インスペクションの目的は改修費用を把握すること

中古住宅の状態は物件によってさまざまです。築年数が古くても手入れが行き届いていてほとんど改修工事が必要ない物件もありますし、反対に築浅でもどうしようもないくらいに劣化している物件もあるのです。

中古住宅のリスクとは必要な改修費用の金額とも言えます。不動産広告に掲載されている目先の物件代金だけで判断するのではなく、購入したい物件が決まったら、建築士によるインスペクションを実施して、改修工事が必要かどうか、必要な場合は改修費用はどれくらいかかるのかを踏まえて、資金計画に問題がないことを確認してから不動産売買契約を行えば、後から大きな劣化が発見されて売主とトラブルになるということを防ぐことができます。

費用の考え方

  

インスペクションを活用した不動産購入の流れ

  1. 物件探し

    インターネットの物件情報などを参考に物件探しを始めます。ご希望のエリアとご予算からリフォームに割くことができる予算を算出しておけば、物件情報をある程度ふるいにかけることができます。

  2. 気に入った物件が絞られたらインスペクション実施

    気になる物件が絞られてきたら実際に内見などを行います。最終的に購入希望物件が決まったらインスペクションを実施します。

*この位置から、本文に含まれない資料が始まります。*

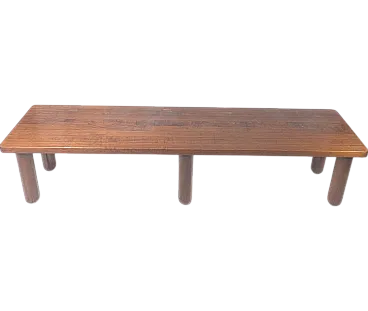 Italian Japandi walnut and ebony Bench, 60s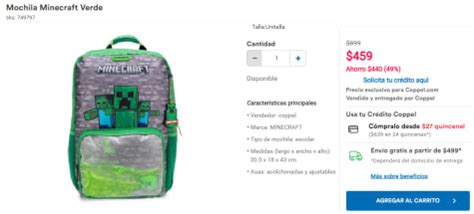 Mochila Minecraft Verde Por 459 En Coppel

  3. 改修工事見積りをもらって全体的な資金計画の確認

    中古の取引でリフォームは欠かせません。改修費用を含めたリフォーム総額を含めて、資金計画に問題がないか確認しましょう。

  4. 不動産売買契約

    利用したい支援制度によって、契約後の後工程が決まりますので、余裕を持ったスケジュールで所有権移転日を設定します。

  5. リフォーム打ち合わせ・工事請負契約

    リフォーム費用をローンに組み込みたい場合は金融機関が指定する期日までに工事請負契約を締結する必要があります。不動産売買契約後はリフォーム会社と打ち合わせを重ねて、工事請負契約を目指します。

  6. 所有権移転前の手続き

    支援制度によっては所有権移転前に行っておかなければならないことがあります。所有権移転後では挽回できないことも多いので遅滞なく手続きを進めましょう。

  7. 融資実行・所有権移転

  8. リフォーム工事

  9. 各種証明書発行

  10. 引っ越し・居住開始

インスペクションを実施するメリット

これから家を買う方のメリット

中古住宅の取引でインスペクションを実施すると下記のようなメリットがあります。

  • 中古物件の隠れた瑕疵を発見できる
  • 劣化の有無や改修費用を把握して安全な取引ができる
  • 既存住宅売買瑕疵保険に加入できる※1
  • 築後年数要件を超えた物件でも住宅ローン減税を利用できる※2
  • 築後年数要件を超えた物件でも登録免許税が減額されます※2
  • 旧耐震の物件でも不動産取得税がが減額されます※3
  • フラット35が利用できます※4
  • その他リフォームの補助制度などを利用することができます

※1 瑕疵保険に加入するには検査基準に合格する必要があります。また、売主が宅建業者の場合は売主が瑕疵保険に加入します。
※2 耐震基準適合証明書もしくは既存住宅売買瑕疵保険の付保証明書が必要になります。
※3 所有権移転までに※2が取得できた場合。
※4 フラット35適合基準を満たす場合

これから家を売る方のメリット

中古住宅の取引におけるインスペクションはまだまだ始まったばかりです。インスペクションの実施によって、売却価格が高くなる効果は見込めませんが、上記の通り買主にとってはメリットが多いので、インスペクションを行っていない物件に比べて売れやすい物件と言えます。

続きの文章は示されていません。